TASK INSTRUCTIONS => Transcribe each line below word for word.

SOURCE DATA =>
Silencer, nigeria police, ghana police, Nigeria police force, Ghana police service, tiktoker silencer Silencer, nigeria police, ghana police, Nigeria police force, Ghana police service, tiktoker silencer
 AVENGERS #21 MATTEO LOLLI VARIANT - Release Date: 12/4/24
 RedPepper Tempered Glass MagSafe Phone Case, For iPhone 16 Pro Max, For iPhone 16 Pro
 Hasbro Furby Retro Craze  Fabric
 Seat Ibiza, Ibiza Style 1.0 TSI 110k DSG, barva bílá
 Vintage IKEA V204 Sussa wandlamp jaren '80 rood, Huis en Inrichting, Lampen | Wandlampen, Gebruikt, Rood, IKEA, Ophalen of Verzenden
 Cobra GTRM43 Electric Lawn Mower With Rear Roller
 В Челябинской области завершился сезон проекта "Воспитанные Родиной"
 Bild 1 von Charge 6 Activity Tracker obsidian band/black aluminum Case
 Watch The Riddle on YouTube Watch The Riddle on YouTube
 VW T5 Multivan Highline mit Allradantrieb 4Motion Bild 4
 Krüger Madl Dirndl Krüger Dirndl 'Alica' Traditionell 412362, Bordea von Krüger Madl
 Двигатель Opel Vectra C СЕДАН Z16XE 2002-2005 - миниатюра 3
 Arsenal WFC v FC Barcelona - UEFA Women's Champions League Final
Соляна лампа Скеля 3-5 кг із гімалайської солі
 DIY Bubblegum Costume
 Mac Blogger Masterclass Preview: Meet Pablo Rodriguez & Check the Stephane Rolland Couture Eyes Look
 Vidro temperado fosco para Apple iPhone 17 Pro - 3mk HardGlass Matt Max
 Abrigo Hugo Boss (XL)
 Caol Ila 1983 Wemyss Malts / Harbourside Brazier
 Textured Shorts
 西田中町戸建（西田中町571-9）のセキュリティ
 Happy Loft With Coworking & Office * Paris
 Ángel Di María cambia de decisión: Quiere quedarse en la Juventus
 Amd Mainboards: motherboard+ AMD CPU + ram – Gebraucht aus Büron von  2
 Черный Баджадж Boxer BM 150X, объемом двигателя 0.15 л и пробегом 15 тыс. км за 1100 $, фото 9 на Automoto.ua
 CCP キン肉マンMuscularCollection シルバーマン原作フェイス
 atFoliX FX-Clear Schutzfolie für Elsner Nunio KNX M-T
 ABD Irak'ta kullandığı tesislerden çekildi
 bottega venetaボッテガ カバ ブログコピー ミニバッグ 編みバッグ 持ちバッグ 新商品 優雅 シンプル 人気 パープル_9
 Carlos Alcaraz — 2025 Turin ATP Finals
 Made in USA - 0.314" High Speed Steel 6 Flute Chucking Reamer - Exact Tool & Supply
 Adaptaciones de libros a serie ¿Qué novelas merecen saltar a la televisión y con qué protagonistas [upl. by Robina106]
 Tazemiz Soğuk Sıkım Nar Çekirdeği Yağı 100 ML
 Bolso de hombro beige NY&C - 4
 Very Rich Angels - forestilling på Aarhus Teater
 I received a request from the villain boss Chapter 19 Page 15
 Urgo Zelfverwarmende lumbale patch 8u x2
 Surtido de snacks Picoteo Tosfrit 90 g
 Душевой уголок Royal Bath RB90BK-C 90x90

TASK ANSWER =>
Silencer, nigeria police, ghana police, Nigeria police force, Ghana police service, tiktoker silencer Silencer, nigeria police, ghana police, Nigeria police force, Ghana police service, tiktoker silencer
 AVENGERS #21 MATTEO LOLLI VARIANT - Release Date: 12/4/24
 RedPepper Tempered Glass MagSafe Phone Case, For iPhone 16 Pro Max, For iPhone 16 Pro
 Hasbro Furby Retro Craze  Fabric
 Seat Ibiza, Ibiza Style 1.0 TSI 110k DSG, barva bílá
 Vintage IKEA V204 Sussa wandlamp jaren '80 rood, Huis en Inrichting, Lampen | Wandlampen, Gebruikt, Rood, IKEA, Ophalen of Verzenden
 Cobra GTRM43 Electric Lawn Mower With Rear Roller
 В Челябинской области завершился сезон проекта "Воспитанные Родиной"
 Bild 1 von Charge 6 Activity Tracker obsidian band/black aluminum Case
 Watch The Riddle on YouTube Watch The Riddle on YouTube
 VW T5 Multivan Highline mit Allradantrieb 4Motion Bild 4
 Krüger Madl Dirndl Krüger Dirndl 'Alica' Traditionell 412362, Bordea von Krüger Madl
 Двигатель Opel Vectra C СЕДАН Z16XE 2002-2005 - миниатюра 3
 Arsenal WFC v FC Barcelona - UEFA Women's Champions League Final
Соляна лампа Скеля 3-5 кг із гімалайської солі
 DIY Bubblegum Costume
 Mac Blogger Masterclass Preview: Meet Pablo Rodriguez & Check the Stephane Rolland Couture Eyes Look
 Vidro temperado fosco para Apple iPhone 17 Pro - 3mk HardGlass Matt Max
 Abrigo Hugo Boss (XL)
 Caol Ila 1983 Wemyss Malts / Harbourside Brazier
 Textured Shorts
 西田中町戸建（西田中町571-9）のセキュリティ
 Happy Loft With Coworking & Office * Paris
 Ángel Di María cambia de decisión: Quiere quedarse en la Juventus
 Amd Mainboards: motherboard+ AMD CPU + ram – Gebraucht aus Büron von  2
 Черный Баджадж Boxer BM 150X, объемом двигателя 0.15 л и пробегом 15 тыс. км за 1100 $, фото 9 на Automoto.ua
 CCP キン肉マンMuscularCollection シルバーマン原作フェイス
 atFoliX FX-Clear Schutzfolie für Elsner Nunio KNX M-T
 ABD Irak'ta kullandığı tesislerden çekildi
 bottega venetaボッテガ カバ ブログコピー ミニバッグ 編みバッグ 持ちバッグ 新商品 優雅 シンプル 人気 パープル_9
 Carlos Alcaraz — 2025 Turin ATP Finals
 Made in USA - 0.314" High Speed Steel 6 Flute Chucking Reamer - Exact Tool & Supply
 Adaptaciones de libros a serie ¿Qué novelas merecen saltar a la televisión y con qué protagonistas [upl. by Robina106]
 Tazemiz Soğuk Sıkım Nar Çekirdeği Yağı 100 ML
 Bolso de hombro beige NY&C - 4
 Very Rich Angels - forestilling på Aarhus Teater
 I received a request from the villain boss Chapter 19 Page 15
 Urgo Zelfverwarmende lumbale patch 8u x2
 Surtido de snacks Picoteo Tosfrit 90 g
 Душевой уголок Royal Bath RB90BK-C 90x90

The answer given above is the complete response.